The estimates incorporate taxpayers' responses to the two alternatives. Taxpayers would alter their charitable donations because of the changes in those donations' deductibility. Under the first alternative, people who contribute less than 2 percent of their AGI would no longer have a tax incentive to donate, and many of them would reduce their contributions. That alternative would also encourage taxpayers who had planned to make gifts over several years to combine donations in a single tax year to qualify for the deduction. Under the second alternative, a taxpayer would have less incentive to make in-kind contributions, though taxpayers could sell the items they would have donated and donate the proceeds. (Sales of capital assets would, however, be subject to the capital gains tax.) Those responses make the estimated increase in revenues under either alternative smaller than it would be otherwise.
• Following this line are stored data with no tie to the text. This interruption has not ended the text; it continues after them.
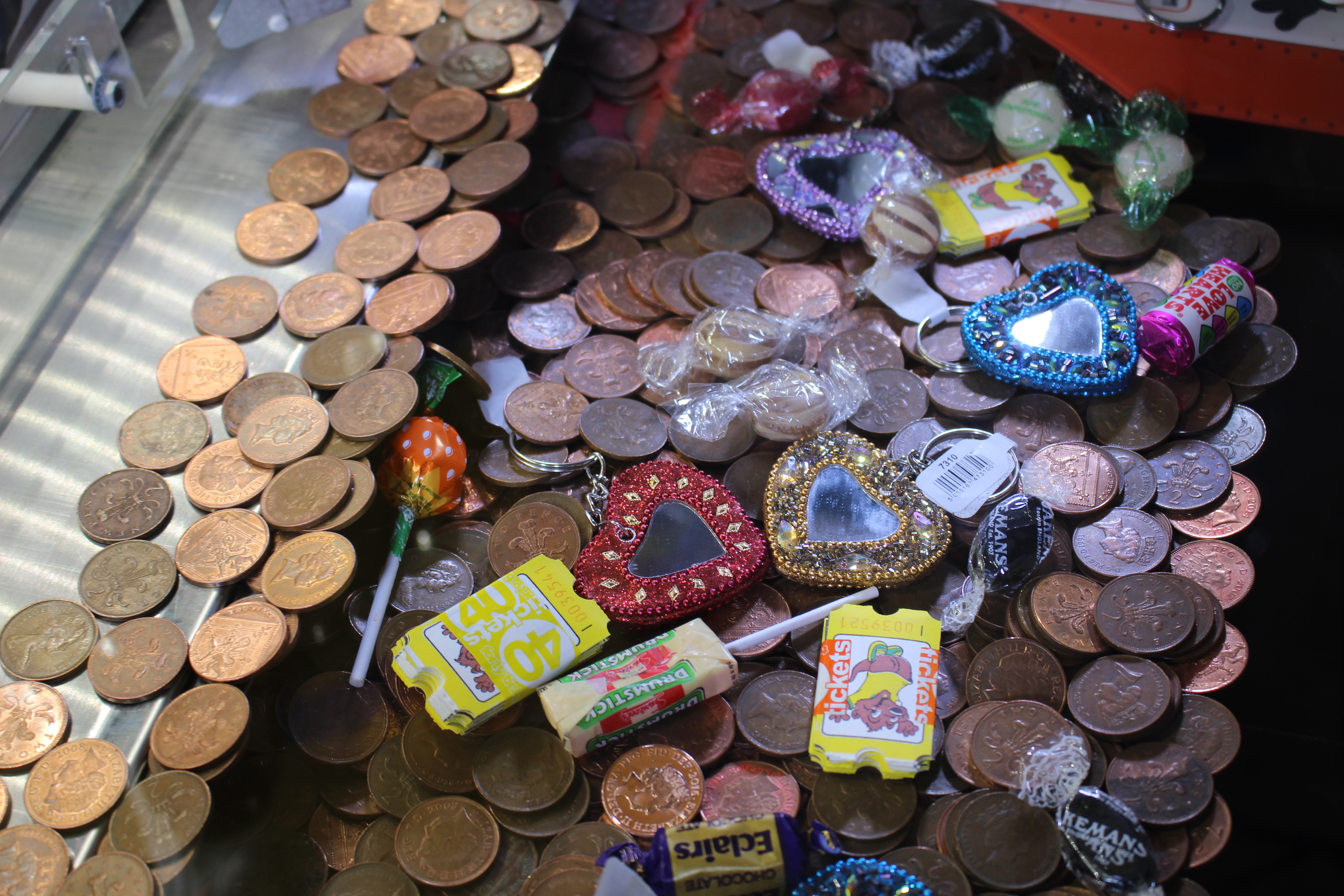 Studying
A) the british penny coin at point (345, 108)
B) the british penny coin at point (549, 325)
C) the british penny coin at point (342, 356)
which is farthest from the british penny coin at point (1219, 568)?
the british penny coin at point (345, 108)

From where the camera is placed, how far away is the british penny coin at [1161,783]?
1.71 m

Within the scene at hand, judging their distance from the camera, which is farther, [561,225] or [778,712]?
[561,225]

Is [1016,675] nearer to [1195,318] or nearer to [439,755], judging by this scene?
[1195,318]

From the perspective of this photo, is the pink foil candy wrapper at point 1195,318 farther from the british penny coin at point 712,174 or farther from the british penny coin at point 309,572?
the british penny coin at point 309,572

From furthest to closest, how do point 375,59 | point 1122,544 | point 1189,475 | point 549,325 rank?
point 375,59, point 549,325, point 1189,475, point 1122,544

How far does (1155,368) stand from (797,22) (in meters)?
1.61

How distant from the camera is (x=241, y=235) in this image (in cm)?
246

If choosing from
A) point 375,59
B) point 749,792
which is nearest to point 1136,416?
point 749,792

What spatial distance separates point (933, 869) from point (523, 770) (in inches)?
29.7

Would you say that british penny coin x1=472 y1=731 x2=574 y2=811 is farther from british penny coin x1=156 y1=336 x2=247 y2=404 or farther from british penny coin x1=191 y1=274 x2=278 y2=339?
british penny coin x1=191 y1=274 x2=278 y2=339

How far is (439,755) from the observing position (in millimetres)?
1826

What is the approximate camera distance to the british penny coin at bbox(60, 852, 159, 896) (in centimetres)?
158

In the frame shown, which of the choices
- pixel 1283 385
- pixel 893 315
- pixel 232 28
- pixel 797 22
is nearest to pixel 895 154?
pixel 893 315

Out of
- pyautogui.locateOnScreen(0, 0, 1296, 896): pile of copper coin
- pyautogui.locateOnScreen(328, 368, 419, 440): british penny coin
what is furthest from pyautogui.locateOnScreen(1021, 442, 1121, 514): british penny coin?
pyautogui.locateOnScreen(328, 368, 419, 440): british penny coin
The estimates are uncertain for two key reasons. First, the estimates rely on CBO's 10-year projections of the economy and individual income under current law. Those projections are inherently uncertain, but they are particularly uncertain because they reflect recently enacted changes to the tax system by the 2017 tax act. Second, the effects of either alternative would depend on how taxpayers altered their charitable giving in response to the increased after-tax cost of giving. The estimates are based on how taxpayers have responded to prior changes in the after-tax cost of giving, which may differ from the response to the changes considered here.

Other Effects

An argument in favor of this option is that, even if they could not be deducted, a significant share of charitable donations would probably still be made. Therefore, allowing taxpayers to deduct charitable contributions is economically inefficient because it results in a large loss of federal revenues for a very small increase in charitable giving. People who make small donations are often less responsive to the tax incentive to make charitable contributions than people who make large contributions. For taxpayers who contribute more than 2 percent of their AGI to charity, the first alternative would maintain the current tax incentive to increase their donations but at much less cost to the federal government. And because most charitable contributions are made in cash, the second alternative would largely maintain the incentive to make donations.
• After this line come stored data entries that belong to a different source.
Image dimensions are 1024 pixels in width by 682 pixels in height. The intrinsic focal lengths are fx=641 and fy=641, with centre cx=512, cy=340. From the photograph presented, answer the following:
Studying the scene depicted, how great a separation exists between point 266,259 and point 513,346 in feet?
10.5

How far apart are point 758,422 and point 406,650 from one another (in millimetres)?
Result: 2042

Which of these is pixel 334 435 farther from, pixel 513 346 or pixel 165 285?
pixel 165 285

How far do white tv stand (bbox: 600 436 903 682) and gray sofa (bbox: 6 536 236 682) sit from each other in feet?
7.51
Another advantage of this option is that it would simplify the tax code. Limiting the deduction to contributions in excess of 2 percent of AGI would match the treatment of unreimbursed employee expenses, such as job-related travel costs and union dues, that applied in the past and will apply again after 2025. The option would also increase tax compliance. Deductions of smaller contributions—those amounting to less than $250—are more likely to be erroneous because they do not require the same degree of documentation as deductions of larger contributions. Moreover, the value of in-kind contributions may be overvalued by taxpayers and is difficult for the government to verify.
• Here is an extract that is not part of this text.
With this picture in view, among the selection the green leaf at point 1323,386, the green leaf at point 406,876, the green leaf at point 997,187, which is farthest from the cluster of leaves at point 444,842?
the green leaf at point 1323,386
A disadvantage of this option is that it would cause charitable giving to decline, albeit by only a small amount, JCT and CBO estimate. Although people who make larger donations would still have an incentive to give under the first alternative, they would have slightly lower after-tax income because of the smaller deduction and therefore might reduce their contributions (although by a lesser percentage than people making smaller donations). Under the second alternative, taxpayers would have less incentive to donate goods and services. Taxpayers might consequently shift away from making those types of donations, even if charitable organizations would prefer in-kind donations instead of cash.